Rome, 7 May 2024 – “Doesn’t constant contact with the ugliness out there, with evil, make us understand how wonderful tenderness and love are?” he asks Octavia in the thirteenth chapter of the Bastards of Pizzofalcone. Pioggia comes out today by Einaudi, after three years of waiting for the beloved’s previous book noir series signed by Maurizio De Giovanni. The author will talk about it on Saturday at the Turin Book Fair.

“We tend to say that contact with evil makes us cynical; as if, in defense, we become less sensitive. In my opinion this is not the case. By contrast, on the contrary, we are better able to appreciate and recognize beauty. I believe this happens to sensitive people ” says De Giovanni, offering a glimmer of light in the darkness of these times.

Once again, the Neapolitan writer is preparing to conquer readers with his remarkable ability to describe the chiaroscuro of existence, plumbing the depths of the human soul with his unmistakable style made of rhythm and poetry, Neapolitan intensity and lightness.

When he wrote the first chapter of Bastardsin 2012, did you imagine that they would have such a long life?

“Absolutely not. After five years of Ricciardi (commissioner protagonist of his first novels set in Naples in the 1930s, ed.), I wanted to test my ability to interpret contemporary reality. But I had no idea of ​​starting a series. Then The Method of the Crocodile, which won the Scerbanenco Prize, made me curious to find out what else would happen to Inspector Lojacono, taking Ed McBain’s 87th District as a model – one of my favorite reads – I tried to set one in Naples. There weren’t many in Italian noir literature at the time. It’s fun and I’m always happy to find my Bastards again.”

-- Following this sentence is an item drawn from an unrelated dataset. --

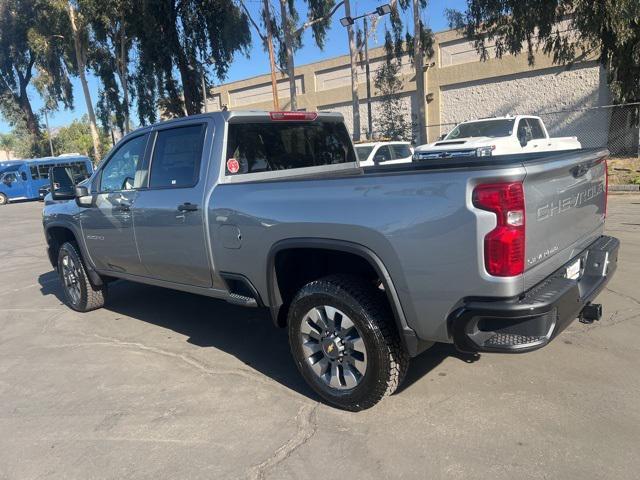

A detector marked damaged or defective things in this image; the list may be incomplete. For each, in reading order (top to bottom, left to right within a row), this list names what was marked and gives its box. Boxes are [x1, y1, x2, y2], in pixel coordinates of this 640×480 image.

pavement crack [248, 404, 318, 478] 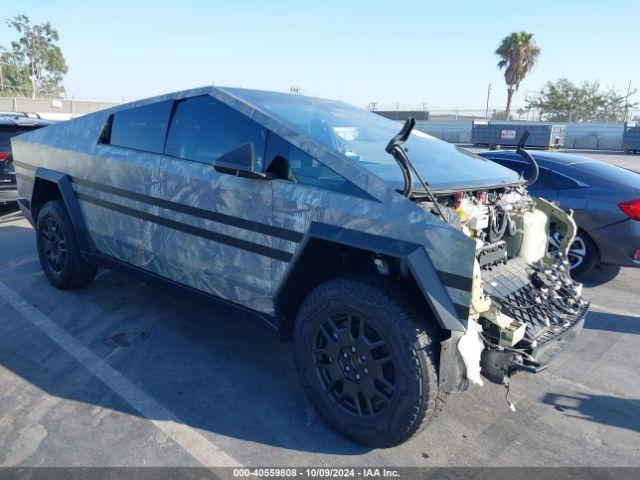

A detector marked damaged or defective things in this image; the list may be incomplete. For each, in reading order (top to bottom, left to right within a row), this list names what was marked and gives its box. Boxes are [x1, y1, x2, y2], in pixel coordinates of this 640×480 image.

detached fender panel [272, 222, 468, 332]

What has changed since then?

“My approach to the characters. Before I looked at them from the outside. Today I follow them more from within, I get to the heart of each one; this allows me to reveal their imperfections. I really believe in the fact that literature is the story of the injuries of each we”.

How much, however, have your characters changed you?

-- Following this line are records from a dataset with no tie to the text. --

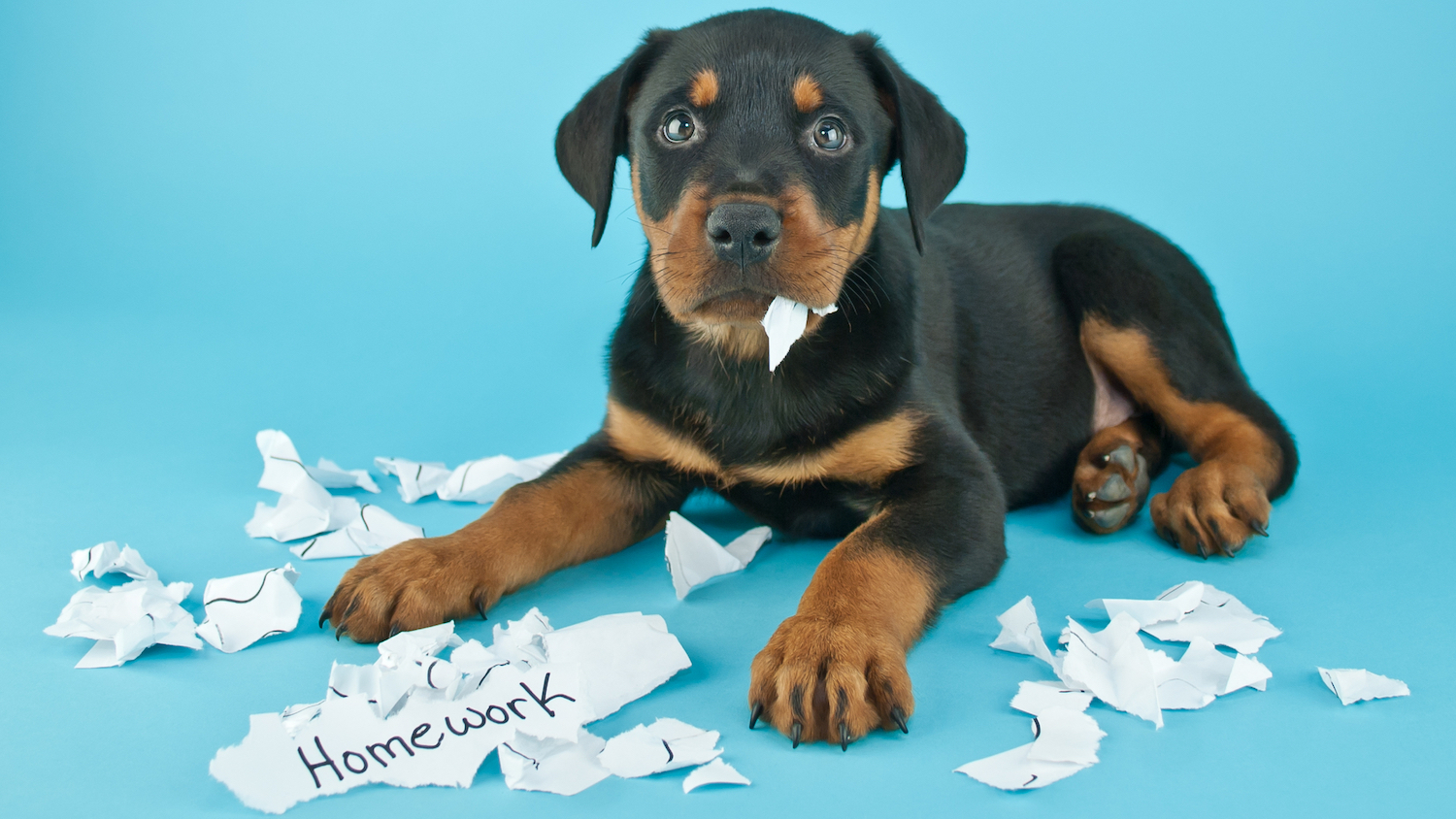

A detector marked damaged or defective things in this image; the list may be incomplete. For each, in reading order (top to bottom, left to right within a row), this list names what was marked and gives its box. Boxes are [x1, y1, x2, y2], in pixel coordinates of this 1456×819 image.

torn paper [757, 295, 839, 371]
torn paper [246, 429, 359, 543]
torn paper [371, 458, 450, 501]
torn paper [437, 450, 567, 501]
torn paper [69, 543, 156, 582]
torn paper [287, 505, 419, 563]
torn paper [664, 508, 777, 598]
torn paper [45, 574, 203, 664]
torn paper [195, 567, 303, 656]
torn paper [544, 609, 695, 718]
torn paper [994, 598, 1064, 668]
torn paper [1149, 582, 1281, 652]
torn paper [1320, 664, 1413, 703]
torn paper [210, 664, 594, 811]
torn paper [501, 730, 610, 792]
torn paper [598, 718, 726, 776]
torn paper [683, 761, 753, 792]
torn paper [959, 706, 1103, 792]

“Very much. They taught me not to stop at appearances and evaluate the world around me not only with a different look but also with a different attention. There is a constant osmosis between the life I live and the one I describe in my novels” .

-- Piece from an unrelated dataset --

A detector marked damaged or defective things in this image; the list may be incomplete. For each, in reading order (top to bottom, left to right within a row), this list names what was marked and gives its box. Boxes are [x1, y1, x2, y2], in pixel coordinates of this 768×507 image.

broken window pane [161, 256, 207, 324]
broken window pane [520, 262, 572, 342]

Naples remains the epicenter of his stories…

“This city has always been a social laboratory. A small area in which three and a half million inhabitants live, in constant contact with each other. The different social classes coexist and speak the same language. This generates stories, what else they are nothing but the story of contrasts, of conflicts”.

Almost all the protagonists of his books now have a television face. How does this association live?

“I have been very lucky with the actors chosen for the various dramas and I am happy that my characters have entered the collective imagination in this way. But I continue to see them with the faces with which I knew them; for me Lojacono remains different from Alessandro Gassmann “.

He has proven to be a prolific writer and his readers always expect sequels from his novels. Who decrees the end of the series?

“Those who tell stories do so to be listened to, so I’m happy when the series is so popular that it becomes difficult to put them down. But in the end the characters decide. When they stop telling me stories, I’ll stop writing them. I’ll never be aggressively therapeutic towards them” , comments De Giovanni with a smile.